Taylor's presentence investigation report (PSR, Doc. 8-1, ¶¶ 40, 44) listed the following felony offenses to support application of the career offender enhancement:

Burglary and Assault with a Dangerous Weapon under U.S. Military Law (Articles 128 and 129 of the Uniform Code of Military Justice, 10 U.S.C. 928-929); and
Aggravated Battery under Illinois law (720 ILCS 5/12-3 & 5/12/4(b)(8)).

Taylor's burglary and assault with a dangerous weapon conviction is a crime of violence for career offender purposes. These two separate offenses (burglary + assault with a deadly weapon) were committed on the same day with the same victim and no intervening arrest, were sentenced the same day, and thus are "related" cases which count as a single predicate under the Guidelines. So counsel and the Court refer to them collectively as a single conviction.

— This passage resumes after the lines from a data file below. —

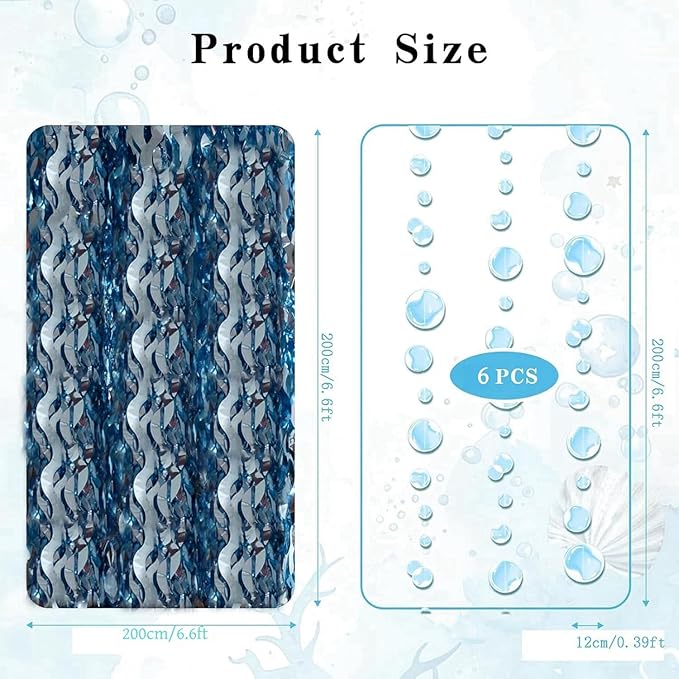 Blue Wave Shaped Streamers Ocean Themed Tinsel Foil Fringe Curtain with Bubble Garlands for Beach Under The Sea Party Decorations (6.6 feet Curtain 6 Bubble Garlands)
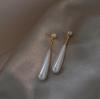 Orecchini pendenti semplici con perle a goccia d'acqua per donna, eleganti orecchini pendenti rotondi lunghi, geometrici, vintage, per feste di nozze
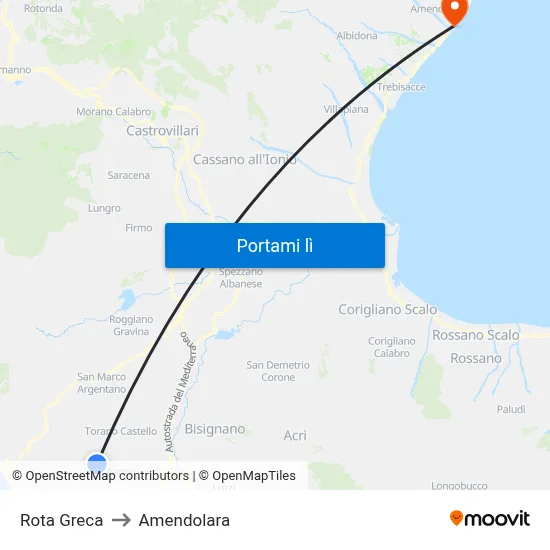 Rota Greca to Amendolara map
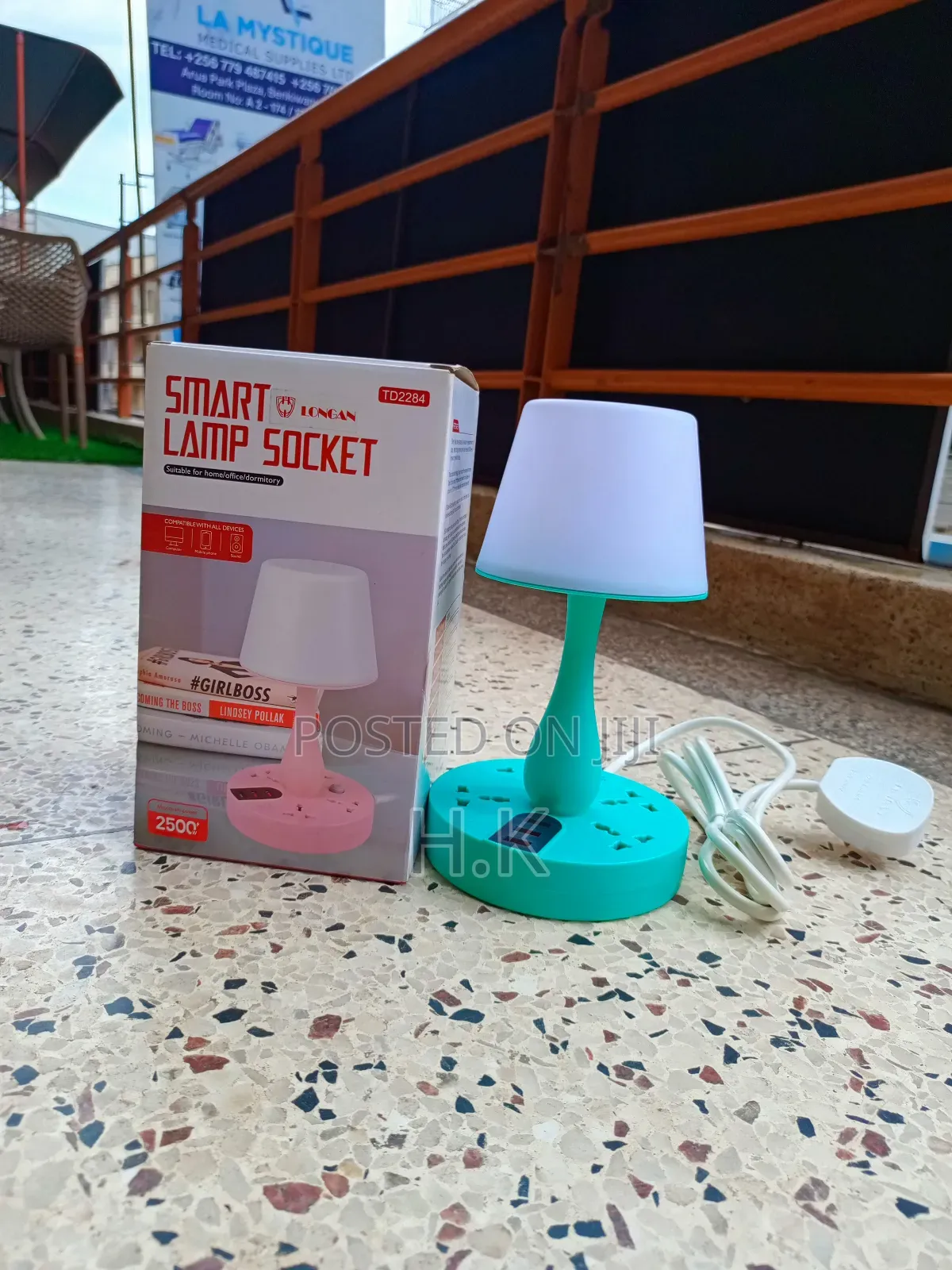 2 in 1 Smart Table Lamp With Extension Socket (4 Outlets, 3 Usb Ports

The burglary conviction was under Article 129 of the Uniform Code of Military Justice, 10 U.S.C. 929, which defines this offense to include breaking and entering, during the nighttime, the dwelling house of another. When Taylor was sentenced, burglary of a dwelling fell squarely within the enumerated clause of U.S.S.G. 4B1.2(a)(2). (The Government also argues that the assault with a deadly weapon conviction under Article 128 of the Uniform Code of Military Justice, 10 U.S.C. 928, fell within the elements clause of U.S.S.G. 4B1.2(a)(1), because it had as an element the use or attempted use of physical force against another person, see Doc. 9, pp. 21-22).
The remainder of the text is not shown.